Question

Two concentric metal spheres are found to have a potential difference of \(900 . \mathrm{V}\) when a charge of \(6.726 \cdot 10^{-8} \mathrm{C}\) is applied to them. The radius of the outer sphere is \(0.210 \mathrm{~m}\). What is the radius of the inner sphere?

Short answer

Answer: The radius of the inner sphere is approximately 0.141 m.

Step-by-step solution

Understand the given information and what we need to find

We are given the potential difference (\(V\)) between the two concentric metal spheres as \(900 \mathrm{V}\). We also know the charge (\(Q\)) applied to them is \(6.726 \cdot 10^{-8} \mathrm{C}\) and the radius of the outer sphere (\(R_2\)) is \(0.210 \mathrm{m}\). We need to find the radius of the inner sphere (\(R_1\)).

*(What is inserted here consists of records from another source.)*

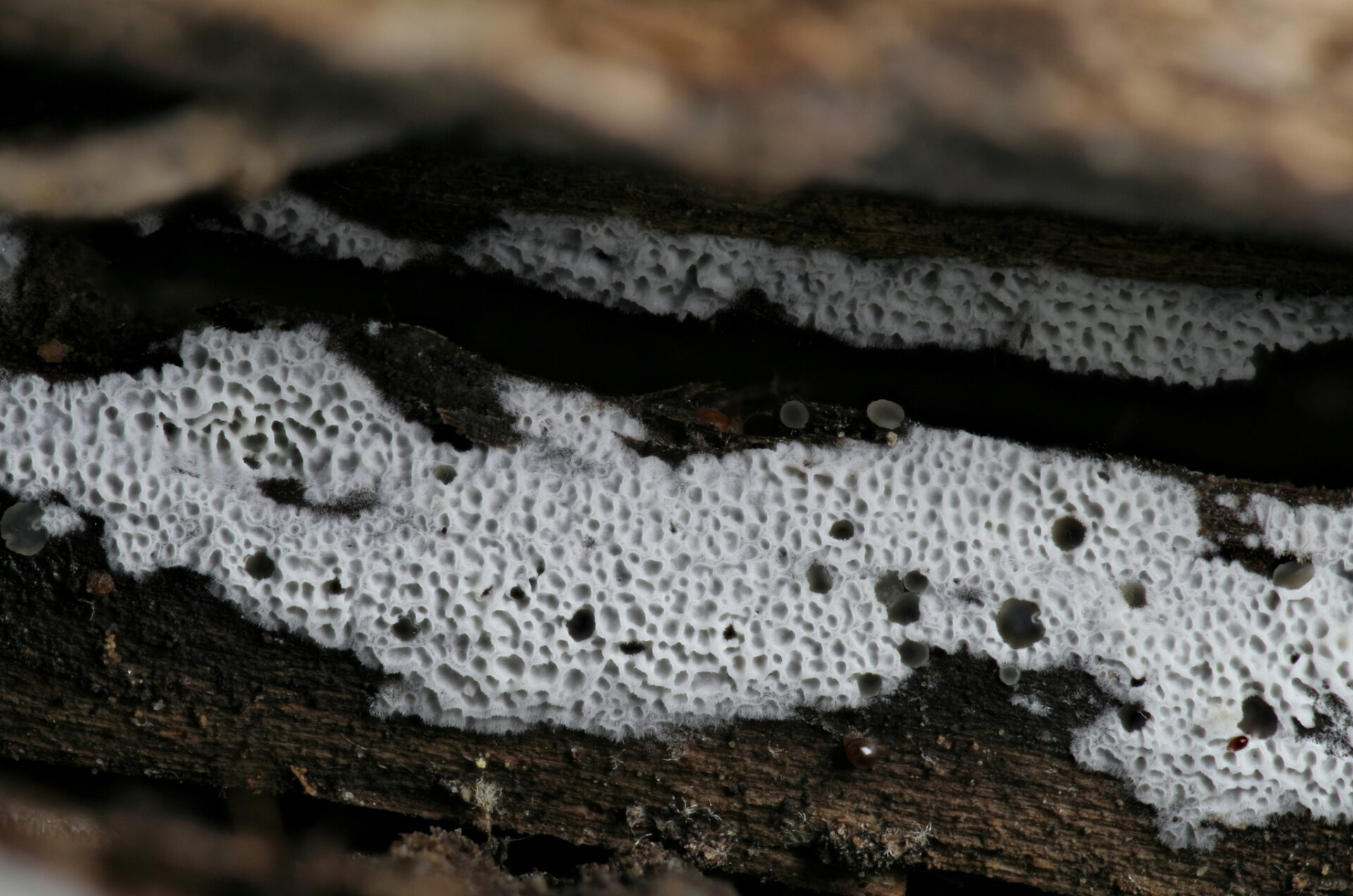 Ceriporia Reticulata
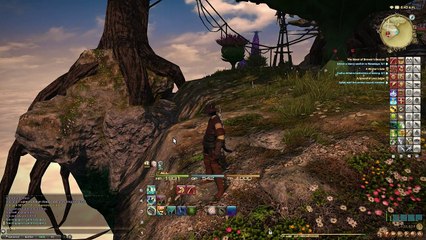 FFXIV 3.07 Blue Cloud Coral Fishing Location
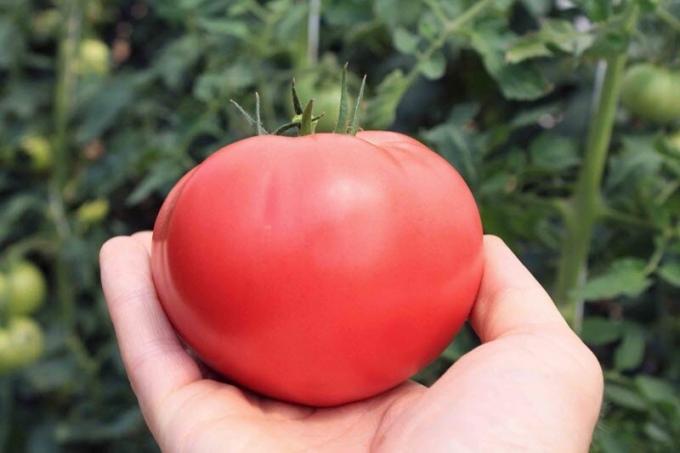 Как да се увеличи съдържанието на захар в домати, ако те са "кисели". лесна рецепта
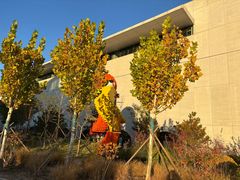 -回龙观体育文化公园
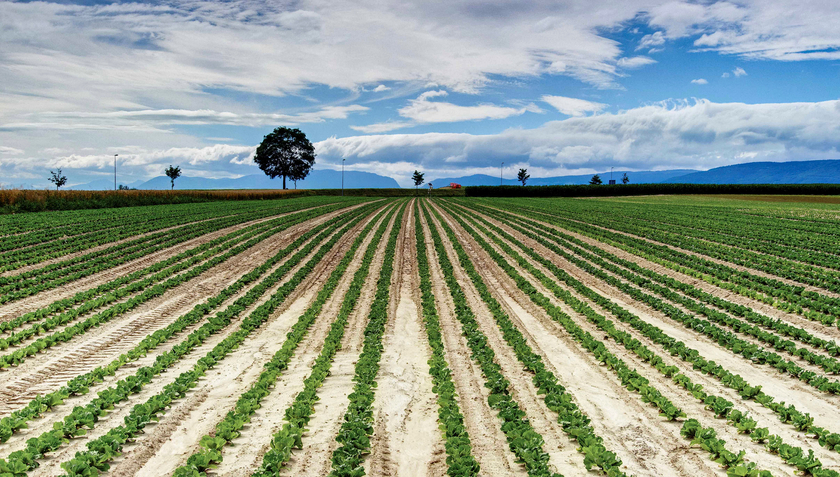 L’extension de l’espace urbain et l’agriculture intensive ont un impact négatif sur la qualité de l’eau (Photo: Markus Bolliger/BAFU).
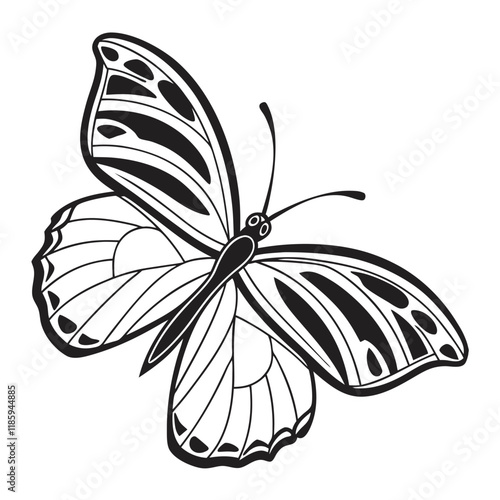 butterfly illustration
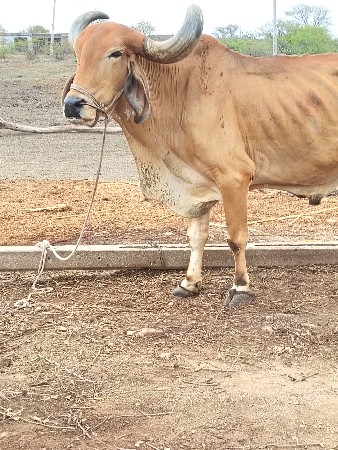બળદ વેચવા નો છે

Use the potential difference formula

In this case, we will use the following formula to relate the potential difference, charge, and radii of the spheres: $$ V = \frac{1}{4 \pi \epsilon_0} \cdot \frac{Q}{\frac{1}{R_1} - \frac{1}{R_2}} $$ Where \(\epsilon_0\) is the vacuum permittivity constant and is equal to \(8.854 \times 10^{-12} \mathrm{F/m}\).

Rearrange the formula to solve for \(R_1\)

We want to find \(R_1\), so we will rearrange the given formula to solve for it: $$ \frac{1}{R_1} - \frac{1}{R_2} = \frac{1}{4 \pi \epsilon_0} \cdot \frac{Q}{V} $$ $$ \frac{1}{R_1} = \frac{1}{4 \pi \epsilon_0} \cdot \frac{Q}{V} + \frac{1}{R_2} $$ $$ R_1 = \frac{1}{\frac{1}{4 \pi \epsilon_0} \cdot \frac{Q}{V} + \frac{1}{R_2}} $$

Calculate the radius of the inner sphere

Now we can plug in the values we are given to find \(R_1\): $$ R_1 = \frac{1}{\frac{1}{4 \pi (8.854 \times 10^{-12} \mathrm{F/m})} \cdot \frac{6.726 \times 10^{-8} \mathrm{C}}{900 \mathrm{V}} + \frac{1}{0.210 \mathrm{m}}} $$ Compute the value of \(R_1\): $$ R_1 \approx 0.141 \mathrm{m} $$ Therefore, the radius of the inner sphere is approximately \(0.141 \mathrm{m}\).